The ads were posted by a number of pro-Union groups opposed to independence without bearing an imprint stating who paid for them required by new election advertising rules.
The Electoral Commission today refused to tell Business for Scotland if any complaints about the ads or the organisations had so far been received. A spokesperson said it could not discuss specific complaints until they had been looked into.
But the spokesperson did promise that any allegations it received would be looked into and if any wrongdoing was found full details would be published on its website.
When Business for Scotland asked if the process took too long, the spokesperson said frustration at the length of time this might take was understandable but that due process had to be followed.
An organisation called Young Unionists posted more than £20,000 worth of Facebook adverts without any imprint. The organisation registered as a non-party campaigner in the election and the registration form lists Max Young as the secretary.
According to opendemocracy.net Mr Young was involved in the Capitalist Worker campaign which spent £65,000 on anti-Corbyn ads in the 2019 general election without declaring its donors.
Mr Young has written for a number of pro-Union websites including Think Scotland, which describes itself as ‘’your home for free thinking and free markets’’.
Think Scotland was set up by Brian Monteith, who was also linked to Capitalist Worker. Mr Monteith paid for a number of Think Scotland ads on Facebook for a tactical voting tool posted by Vote Union to advise voters how best to defeat pro-indy candidates in the election.
The Vote Union Facebook page was set up in April 2021 and spent almost £6,000 on Facebook advertising its tactical voting tool
Think Scotland publishes no information disclosing its funders.
Young Unionists had also posted Facebook ads to promote the Vote Union tactical voting tool. The Vote Union Facebook page was set up in April 2021 and spent almost £6,000 on Facebook advertising its tactical voting tool. Again these ads did not feature the necessary imprint revealing who paid for them.
Nor did ads taken out by Turning Point UK urging voters in the Scottish election not to vote SNP. The Turning Point UK website describes the organisation as a ‘’student movement for free markets, limited government, personal responsibility and duty to others’’.
The website, like most of the others mentioned, does not reveal the identities of the people involved and the details of the Facebook ads do not say which individuals paid for them.
Another organisation called Businesses for the Union spent more than £10,000 in the run up to the Scottish elections, paid for by Matthew Kilcoyne, deputy director of the Adam Smith Institute, a powerful think tank which, again, does not declare its donors.

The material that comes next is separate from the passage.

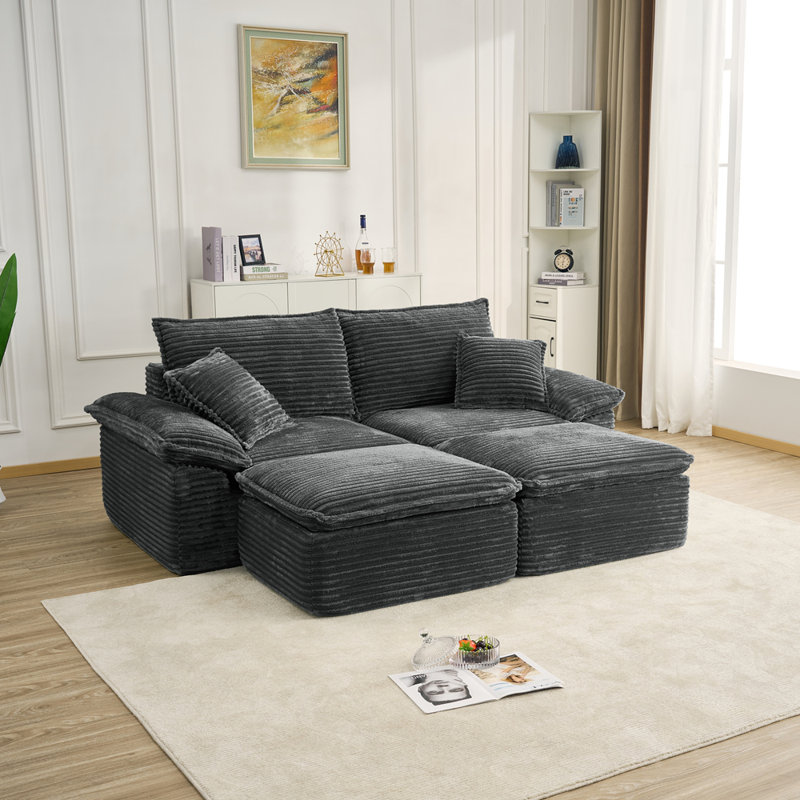 Canapé modulaire 81 po - Très grand canapé en velours côtelé avec repose-pieds mobile, Gris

The Electoral Commission, which is tasked with enforcing the rules about election advertising, can impose sanctions on anyone found to be breaking those rules.
If the Electoral Commission finds a person or organisation guilty of breaking the rules it can impose financial sanctions of a fine up to £20,000
New rules in place for first time for the Scottish elections state that digital advertising designed to influence voters in an election should include an imprint which must include the ‘’name and address of the promoter and any organisation or individual on whose behalf it has been promoted’’.
If the Electoral Commission finds a person or organisation guilty of breaking the rules it can impose financial sanctions of a fine up to £20,000.
The Commission considers this upper limit to be too low and has repeatedly asked Westminster to raise it, but to no avail.
The Scottish government did listen, and raised the upper limit for a fine to £500,000 but only for referendums. It included the new fine limit in legislation last year.